- **Aim of the exercise**
Everything from the opening line of the records below up to and including the line containing "Singapour.1st janvier 2022.Team" should be retyped exactly, minus the pictures.

--- Data supplied Enclosed Below ---

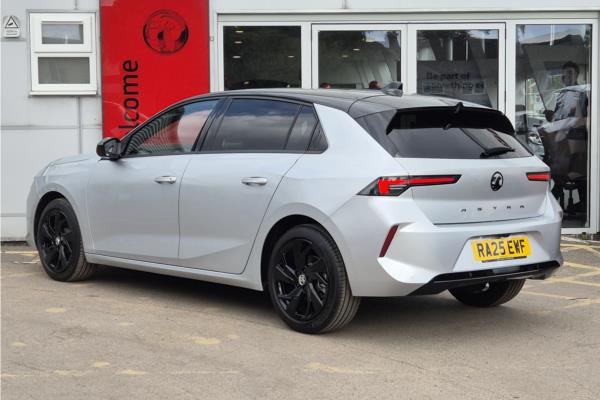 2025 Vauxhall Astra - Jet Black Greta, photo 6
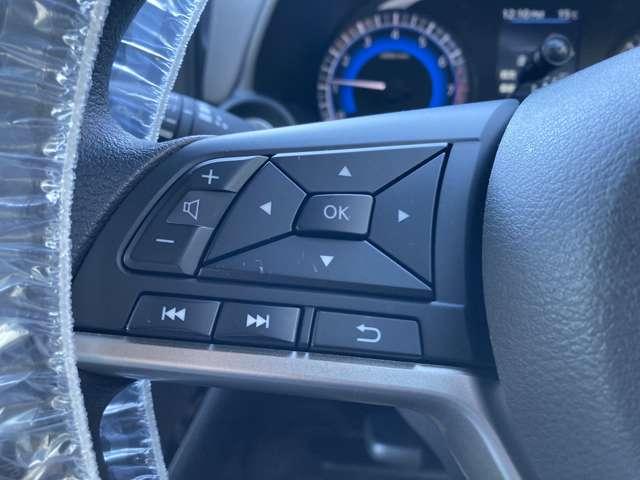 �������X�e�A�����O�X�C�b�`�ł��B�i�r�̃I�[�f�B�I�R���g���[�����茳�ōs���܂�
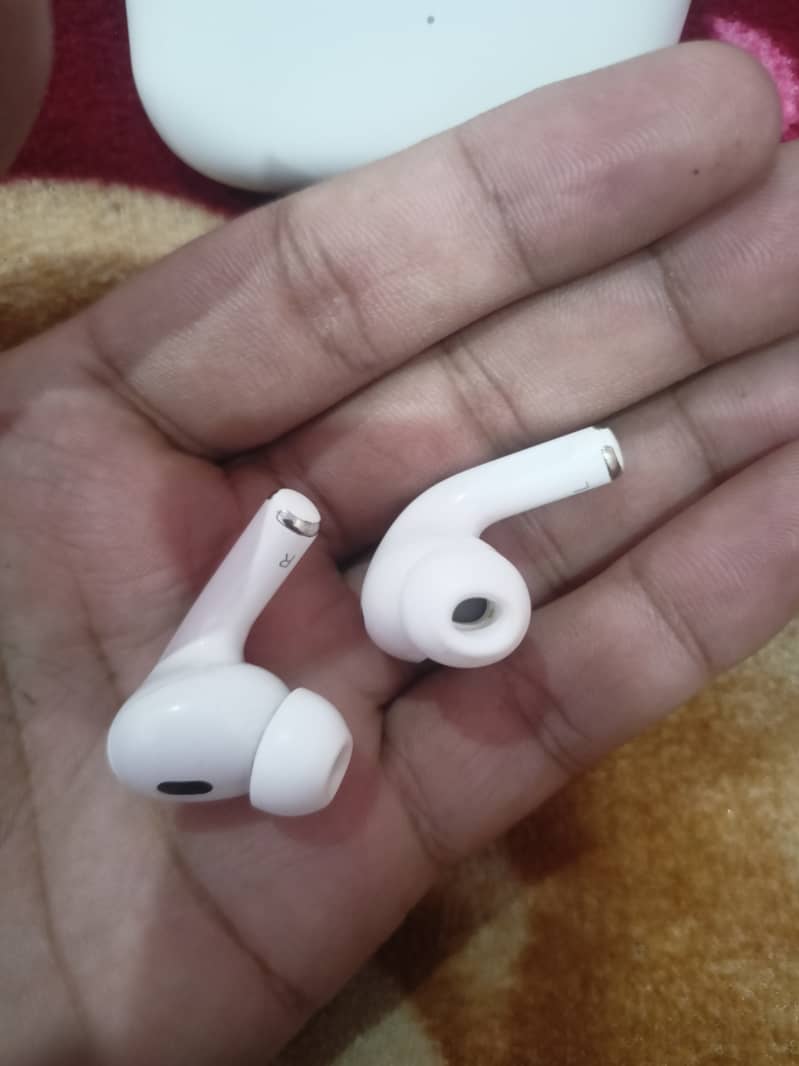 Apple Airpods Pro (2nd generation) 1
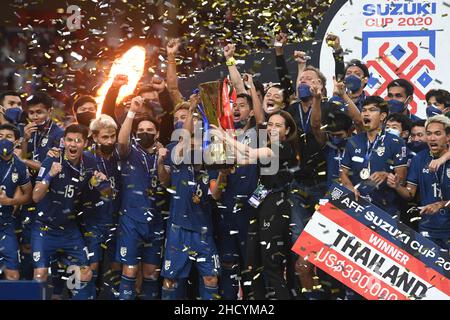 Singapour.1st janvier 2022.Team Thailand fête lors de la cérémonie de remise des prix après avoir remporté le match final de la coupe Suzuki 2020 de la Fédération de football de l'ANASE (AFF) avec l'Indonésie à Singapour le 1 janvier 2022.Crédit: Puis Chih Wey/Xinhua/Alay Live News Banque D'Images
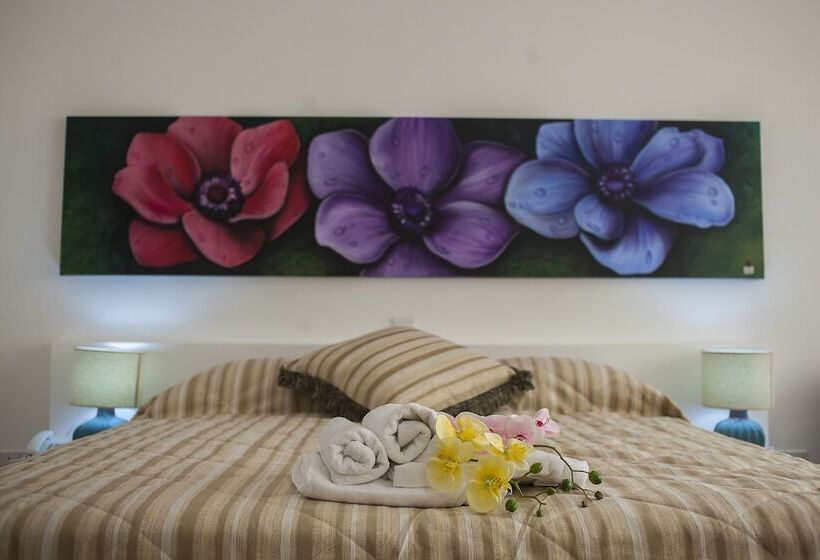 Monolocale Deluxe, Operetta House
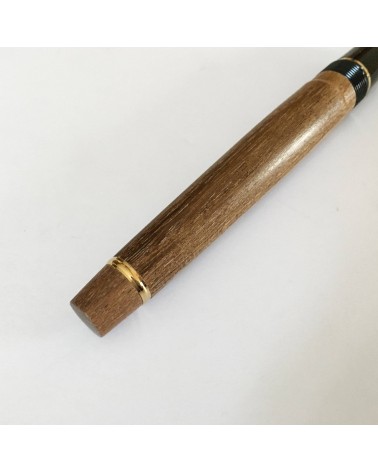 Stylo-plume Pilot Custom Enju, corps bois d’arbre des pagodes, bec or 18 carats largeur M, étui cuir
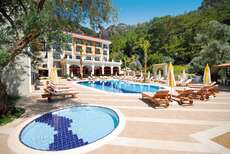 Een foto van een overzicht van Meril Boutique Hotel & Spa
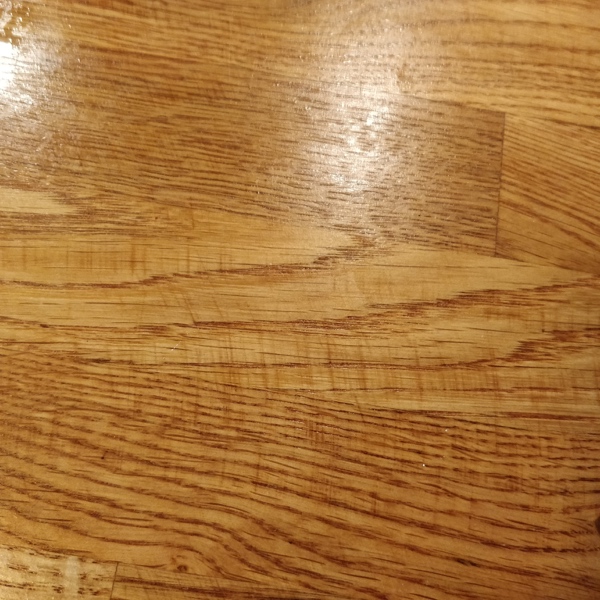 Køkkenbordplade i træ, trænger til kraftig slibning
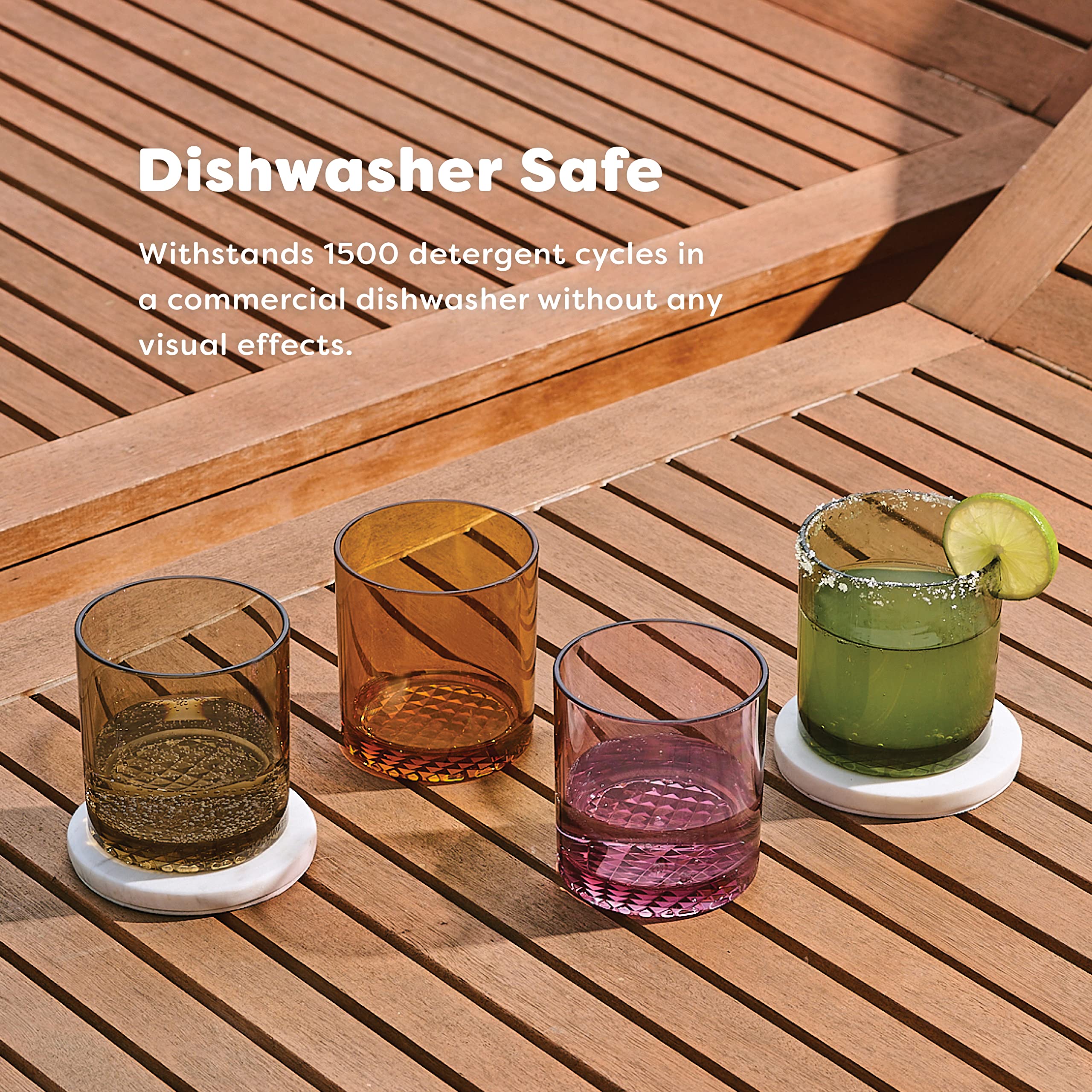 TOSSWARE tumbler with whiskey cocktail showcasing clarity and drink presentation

--- End of Enclosed Data supplied ---

- **Response to this exercise**
 2025 Vauxhall Astra - Jet Black Greta, photo 6
 �������X�e�A�����O�X�C�b�`�ł��B�i�r�̃I�[�f�B�I�R���g���[�����茳�ōs���܂�
 Apple Airpods Pro (2nd generation) 1
 Singapour.1st janvier 2022.Team Thailand fête lors de la cérémonie de remise des prix après avoir remporté le match final de la coupe Suzuki 2020 de la Fédération de football de l'ANASE (AFF) avec l'Indonésie à Singapour le 1 janvier 2022.Crédit: Puis Chih Wey/Xinhua/Alay Live News Banque D'Images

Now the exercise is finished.